BMC Bioinformatics

official impact factor 3.03

Open Access Highly Access Methodology article

Incorporating gene co-expression network in identification of cancer prognosis markers

Shuangge Ma1,2*, Mingyu Shi3, Yang Li1,4, Danhui Yi4 and Ben-Chang Shia5

Author Affiliations

1 School of Public Health, Yale University, New Haven, CT 06520, USA

2 Clinical Epidemiology Research Center, VA CT Healthcare System, West Haven, CT 06516, USA

3 Standard and Poor's, New York, NY 10041, USA

4 School of Statistics, Renmin University, Beijing, China

5 Department of Statistics and Information Science & Applied Statistics, Fu Jen Catholic University, Taipei Hsien R.O.C

For all author emails, please log on.

BMC Bioinformatics 2010, 11:271 doi:10.1186/1471-2105-11-271

Published: 20 May 2010

Abstract

Background

Extensive biomedical studies have shown that clinical and environmental risk factors may not have sufficient predictive power for cancer prognosis. The development of high-throughput profiling technologies makes it possible to survey the whole genome and search for genomic markers with predictive power. Many existing studies assume the interchangeability of gene effects and ignore the coordination among them.

Results

We adopt the weighted co-expression network to describe the interplay among genes. Although there are several different ways of defining gene networks, the weighted co-expression network may be preferred because of its computational simplicity, satisfactory empirical performance, and because it does not demand additional biological experiments.
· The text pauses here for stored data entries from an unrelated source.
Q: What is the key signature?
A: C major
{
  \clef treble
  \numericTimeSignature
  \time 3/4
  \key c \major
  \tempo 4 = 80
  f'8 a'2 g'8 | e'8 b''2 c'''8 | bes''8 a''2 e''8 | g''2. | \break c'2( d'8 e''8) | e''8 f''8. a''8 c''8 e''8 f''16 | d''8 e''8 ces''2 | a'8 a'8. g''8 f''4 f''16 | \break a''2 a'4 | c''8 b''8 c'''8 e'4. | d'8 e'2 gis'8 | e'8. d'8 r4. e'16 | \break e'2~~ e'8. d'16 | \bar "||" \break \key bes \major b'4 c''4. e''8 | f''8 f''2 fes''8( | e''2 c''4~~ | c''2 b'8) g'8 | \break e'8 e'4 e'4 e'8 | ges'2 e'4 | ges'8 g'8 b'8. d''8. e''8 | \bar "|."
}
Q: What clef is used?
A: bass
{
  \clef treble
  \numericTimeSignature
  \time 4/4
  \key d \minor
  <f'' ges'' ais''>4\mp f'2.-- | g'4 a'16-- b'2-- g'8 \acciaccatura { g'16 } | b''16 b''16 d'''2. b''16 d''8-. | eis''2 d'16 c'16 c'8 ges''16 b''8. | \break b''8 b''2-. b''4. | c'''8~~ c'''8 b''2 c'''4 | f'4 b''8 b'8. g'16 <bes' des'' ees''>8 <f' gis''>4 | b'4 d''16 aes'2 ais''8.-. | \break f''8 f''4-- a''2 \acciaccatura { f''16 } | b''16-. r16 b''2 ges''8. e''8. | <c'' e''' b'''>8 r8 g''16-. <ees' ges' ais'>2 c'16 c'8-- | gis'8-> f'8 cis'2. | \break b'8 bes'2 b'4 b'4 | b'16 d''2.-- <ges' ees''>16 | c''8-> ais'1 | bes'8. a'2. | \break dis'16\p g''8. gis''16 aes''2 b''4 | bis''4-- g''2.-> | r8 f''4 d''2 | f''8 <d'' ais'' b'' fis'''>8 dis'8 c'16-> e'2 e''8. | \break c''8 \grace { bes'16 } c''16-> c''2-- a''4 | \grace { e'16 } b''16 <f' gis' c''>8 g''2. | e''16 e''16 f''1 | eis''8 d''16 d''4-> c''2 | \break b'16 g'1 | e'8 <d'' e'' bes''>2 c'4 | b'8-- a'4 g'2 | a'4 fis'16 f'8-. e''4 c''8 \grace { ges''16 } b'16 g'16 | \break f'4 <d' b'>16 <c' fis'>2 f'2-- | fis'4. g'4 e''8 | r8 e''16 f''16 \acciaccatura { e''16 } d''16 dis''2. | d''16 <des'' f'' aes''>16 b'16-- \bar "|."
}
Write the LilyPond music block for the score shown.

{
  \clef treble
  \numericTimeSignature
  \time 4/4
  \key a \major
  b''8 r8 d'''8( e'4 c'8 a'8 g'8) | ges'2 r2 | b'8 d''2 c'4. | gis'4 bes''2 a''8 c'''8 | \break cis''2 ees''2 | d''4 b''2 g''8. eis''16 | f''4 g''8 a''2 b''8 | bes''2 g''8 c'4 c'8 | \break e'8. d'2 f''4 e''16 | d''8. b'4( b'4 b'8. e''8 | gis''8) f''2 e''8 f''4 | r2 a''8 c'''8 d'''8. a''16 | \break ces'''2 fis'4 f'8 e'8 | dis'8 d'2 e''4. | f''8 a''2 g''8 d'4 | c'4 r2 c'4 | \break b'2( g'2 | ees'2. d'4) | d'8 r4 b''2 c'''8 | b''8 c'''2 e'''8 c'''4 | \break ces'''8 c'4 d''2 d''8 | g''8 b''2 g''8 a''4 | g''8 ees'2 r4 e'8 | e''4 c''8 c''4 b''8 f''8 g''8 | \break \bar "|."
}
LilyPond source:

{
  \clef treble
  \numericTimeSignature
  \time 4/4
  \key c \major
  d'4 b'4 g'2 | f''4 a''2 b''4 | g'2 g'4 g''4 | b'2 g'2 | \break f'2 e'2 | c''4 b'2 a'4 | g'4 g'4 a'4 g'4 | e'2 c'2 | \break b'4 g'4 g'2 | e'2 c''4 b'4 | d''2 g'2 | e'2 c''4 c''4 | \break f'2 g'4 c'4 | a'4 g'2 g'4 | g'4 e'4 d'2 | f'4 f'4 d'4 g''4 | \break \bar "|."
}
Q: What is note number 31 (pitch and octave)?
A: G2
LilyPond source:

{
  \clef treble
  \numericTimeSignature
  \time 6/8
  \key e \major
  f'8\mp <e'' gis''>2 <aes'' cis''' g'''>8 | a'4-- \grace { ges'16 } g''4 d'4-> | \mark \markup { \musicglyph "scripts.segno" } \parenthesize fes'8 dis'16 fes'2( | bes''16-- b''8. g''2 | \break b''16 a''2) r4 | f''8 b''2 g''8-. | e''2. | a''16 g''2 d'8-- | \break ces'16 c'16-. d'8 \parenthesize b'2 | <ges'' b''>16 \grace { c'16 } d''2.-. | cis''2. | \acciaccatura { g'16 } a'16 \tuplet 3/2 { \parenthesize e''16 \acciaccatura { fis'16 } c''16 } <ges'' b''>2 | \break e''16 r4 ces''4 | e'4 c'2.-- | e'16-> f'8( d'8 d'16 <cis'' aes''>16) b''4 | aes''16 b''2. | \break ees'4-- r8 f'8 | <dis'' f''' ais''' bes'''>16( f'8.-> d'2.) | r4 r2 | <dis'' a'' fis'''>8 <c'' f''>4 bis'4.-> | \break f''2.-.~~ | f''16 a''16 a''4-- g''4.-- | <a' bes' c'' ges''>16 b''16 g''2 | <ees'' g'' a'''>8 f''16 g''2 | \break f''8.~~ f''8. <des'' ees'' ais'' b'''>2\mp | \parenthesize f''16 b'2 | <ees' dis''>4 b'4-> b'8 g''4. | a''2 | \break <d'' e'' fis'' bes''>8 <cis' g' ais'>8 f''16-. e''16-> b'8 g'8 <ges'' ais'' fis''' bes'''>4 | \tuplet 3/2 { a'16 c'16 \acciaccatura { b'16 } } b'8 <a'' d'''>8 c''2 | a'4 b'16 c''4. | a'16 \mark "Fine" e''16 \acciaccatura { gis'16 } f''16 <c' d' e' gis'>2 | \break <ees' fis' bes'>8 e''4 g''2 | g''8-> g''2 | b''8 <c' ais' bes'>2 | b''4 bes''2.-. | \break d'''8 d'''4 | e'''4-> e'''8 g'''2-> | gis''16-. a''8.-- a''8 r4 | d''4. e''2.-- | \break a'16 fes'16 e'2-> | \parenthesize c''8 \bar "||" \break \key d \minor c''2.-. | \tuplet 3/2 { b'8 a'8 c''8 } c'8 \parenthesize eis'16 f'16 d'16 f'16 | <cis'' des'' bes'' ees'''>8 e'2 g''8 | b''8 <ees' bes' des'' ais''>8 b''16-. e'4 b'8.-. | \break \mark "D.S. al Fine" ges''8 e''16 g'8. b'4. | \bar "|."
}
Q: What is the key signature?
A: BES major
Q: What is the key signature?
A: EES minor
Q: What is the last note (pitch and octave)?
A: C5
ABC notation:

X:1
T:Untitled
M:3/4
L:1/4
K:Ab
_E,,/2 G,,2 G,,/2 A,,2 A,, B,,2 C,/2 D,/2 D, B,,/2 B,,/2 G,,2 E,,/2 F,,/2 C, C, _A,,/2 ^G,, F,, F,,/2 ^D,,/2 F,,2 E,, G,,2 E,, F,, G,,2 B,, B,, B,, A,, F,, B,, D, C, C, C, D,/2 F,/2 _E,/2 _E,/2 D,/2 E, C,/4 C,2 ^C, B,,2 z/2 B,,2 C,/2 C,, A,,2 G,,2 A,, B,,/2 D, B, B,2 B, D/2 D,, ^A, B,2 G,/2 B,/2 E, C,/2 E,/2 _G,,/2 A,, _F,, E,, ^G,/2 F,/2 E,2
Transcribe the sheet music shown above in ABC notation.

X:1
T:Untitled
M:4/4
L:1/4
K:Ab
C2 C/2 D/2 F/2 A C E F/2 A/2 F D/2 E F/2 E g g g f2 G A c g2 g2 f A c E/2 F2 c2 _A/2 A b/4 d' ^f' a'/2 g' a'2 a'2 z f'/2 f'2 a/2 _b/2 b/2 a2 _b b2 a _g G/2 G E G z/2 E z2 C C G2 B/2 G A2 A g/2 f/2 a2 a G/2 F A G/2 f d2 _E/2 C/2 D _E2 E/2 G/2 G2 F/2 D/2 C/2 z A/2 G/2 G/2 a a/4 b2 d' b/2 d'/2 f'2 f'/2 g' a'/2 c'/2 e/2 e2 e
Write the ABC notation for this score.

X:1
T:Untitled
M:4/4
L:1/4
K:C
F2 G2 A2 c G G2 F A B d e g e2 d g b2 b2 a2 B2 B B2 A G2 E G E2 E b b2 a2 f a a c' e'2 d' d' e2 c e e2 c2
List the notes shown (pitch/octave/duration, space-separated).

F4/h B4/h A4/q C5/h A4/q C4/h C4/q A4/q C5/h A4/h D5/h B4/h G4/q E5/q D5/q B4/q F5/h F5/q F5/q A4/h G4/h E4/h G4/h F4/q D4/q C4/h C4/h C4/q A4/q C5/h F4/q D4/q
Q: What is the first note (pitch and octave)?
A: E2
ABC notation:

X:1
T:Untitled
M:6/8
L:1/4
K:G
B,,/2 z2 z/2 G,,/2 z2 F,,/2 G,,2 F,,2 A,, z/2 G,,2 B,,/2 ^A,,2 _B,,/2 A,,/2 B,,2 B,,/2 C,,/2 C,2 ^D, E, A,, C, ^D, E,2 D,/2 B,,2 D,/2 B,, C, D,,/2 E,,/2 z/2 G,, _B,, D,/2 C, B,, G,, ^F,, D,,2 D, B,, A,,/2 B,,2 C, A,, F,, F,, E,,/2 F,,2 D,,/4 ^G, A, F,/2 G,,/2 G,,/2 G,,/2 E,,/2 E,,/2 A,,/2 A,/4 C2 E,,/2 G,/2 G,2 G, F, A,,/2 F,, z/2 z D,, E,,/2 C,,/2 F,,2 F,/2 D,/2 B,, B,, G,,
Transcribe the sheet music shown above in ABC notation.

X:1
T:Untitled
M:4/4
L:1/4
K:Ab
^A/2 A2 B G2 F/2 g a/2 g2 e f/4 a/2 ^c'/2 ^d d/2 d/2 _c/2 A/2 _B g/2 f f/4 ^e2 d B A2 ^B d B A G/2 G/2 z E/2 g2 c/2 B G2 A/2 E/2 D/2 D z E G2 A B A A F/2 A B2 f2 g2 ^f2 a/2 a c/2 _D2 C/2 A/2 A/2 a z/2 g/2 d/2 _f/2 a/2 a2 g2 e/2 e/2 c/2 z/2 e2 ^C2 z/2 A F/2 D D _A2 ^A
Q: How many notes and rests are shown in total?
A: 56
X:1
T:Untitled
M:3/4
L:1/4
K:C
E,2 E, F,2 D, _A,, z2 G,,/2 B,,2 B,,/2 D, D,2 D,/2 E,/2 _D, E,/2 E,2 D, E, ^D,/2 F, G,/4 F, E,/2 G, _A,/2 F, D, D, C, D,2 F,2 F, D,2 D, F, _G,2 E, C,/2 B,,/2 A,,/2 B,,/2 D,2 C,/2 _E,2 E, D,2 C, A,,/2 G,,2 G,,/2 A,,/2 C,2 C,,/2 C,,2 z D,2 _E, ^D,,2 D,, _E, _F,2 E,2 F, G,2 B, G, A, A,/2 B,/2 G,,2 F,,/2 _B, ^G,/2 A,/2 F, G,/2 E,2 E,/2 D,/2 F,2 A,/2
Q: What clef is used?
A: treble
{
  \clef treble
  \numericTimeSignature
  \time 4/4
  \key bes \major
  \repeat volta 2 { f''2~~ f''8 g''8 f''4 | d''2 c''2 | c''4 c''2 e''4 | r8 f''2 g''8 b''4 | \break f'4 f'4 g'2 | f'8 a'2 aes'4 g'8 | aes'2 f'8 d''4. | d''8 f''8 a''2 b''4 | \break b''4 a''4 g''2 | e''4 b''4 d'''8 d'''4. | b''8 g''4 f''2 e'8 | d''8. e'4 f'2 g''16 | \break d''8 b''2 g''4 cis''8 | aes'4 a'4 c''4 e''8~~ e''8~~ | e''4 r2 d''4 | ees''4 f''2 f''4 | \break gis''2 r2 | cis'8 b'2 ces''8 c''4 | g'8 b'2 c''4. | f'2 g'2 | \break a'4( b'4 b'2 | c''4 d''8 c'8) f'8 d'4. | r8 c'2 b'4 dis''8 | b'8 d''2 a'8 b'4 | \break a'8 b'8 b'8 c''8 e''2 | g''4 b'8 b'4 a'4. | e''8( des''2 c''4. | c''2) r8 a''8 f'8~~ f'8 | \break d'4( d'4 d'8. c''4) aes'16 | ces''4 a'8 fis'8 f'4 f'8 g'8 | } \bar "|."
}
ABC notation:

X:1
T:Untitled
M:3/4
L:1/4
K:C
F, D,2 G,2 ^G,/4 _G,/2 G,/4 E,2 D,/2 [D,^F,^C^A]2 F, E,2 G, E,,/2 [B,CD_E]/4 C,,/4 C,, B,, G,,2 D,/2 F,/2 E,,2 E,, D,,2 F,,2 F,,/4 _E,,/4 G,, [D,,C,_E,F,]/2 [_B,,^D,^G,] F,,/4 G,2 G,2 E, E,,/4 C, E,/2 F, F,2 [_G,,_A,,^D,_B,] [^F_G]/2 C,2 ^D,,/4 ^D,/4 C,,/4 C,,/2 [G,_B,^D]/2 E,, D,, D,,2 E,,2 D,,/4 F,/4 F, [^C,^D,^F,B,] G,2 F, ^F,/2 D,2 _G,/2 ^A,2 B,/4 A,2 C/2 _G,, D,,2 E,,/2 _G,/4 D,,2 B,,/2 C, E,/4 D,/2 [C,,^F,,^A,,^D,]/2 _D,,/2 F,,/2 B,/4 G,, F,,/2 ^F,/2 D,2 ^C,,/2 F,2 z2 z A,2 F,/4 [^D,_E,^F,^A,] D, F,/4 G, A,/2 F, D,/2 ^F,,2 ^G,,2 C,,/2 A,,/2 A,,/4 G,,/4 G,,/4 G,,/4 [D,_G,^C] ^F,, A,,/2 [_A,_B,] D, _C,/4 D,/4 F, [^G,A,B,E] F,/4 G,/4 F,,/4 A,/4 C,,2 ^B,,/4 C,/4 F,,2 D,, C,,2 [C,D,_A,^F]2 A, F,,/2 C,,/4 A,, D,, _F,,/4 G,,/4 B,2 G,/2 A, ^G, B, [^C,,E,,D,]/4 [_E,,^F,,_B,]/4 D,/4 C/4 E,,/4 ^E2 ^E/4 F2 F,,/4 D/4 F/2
For cancer prognosis studies with gene expression measurements, we propose a new marker selection method that can properly incorporate the network connectivity of genes. We analyze six prognosis studies on breast cancer and lymphoma. We find that the proposed approach can identify genes that are significantly different from those using alternatives. We search published literature and find that genes identified using the proposed approach are biologically meaningful. In addition, they have better prediction performance and reproducibility than genes identified using alternatives.

Conclusions

The network contains important information on the functionality of genes. Incorporating the network structure can improve cancer marker identification.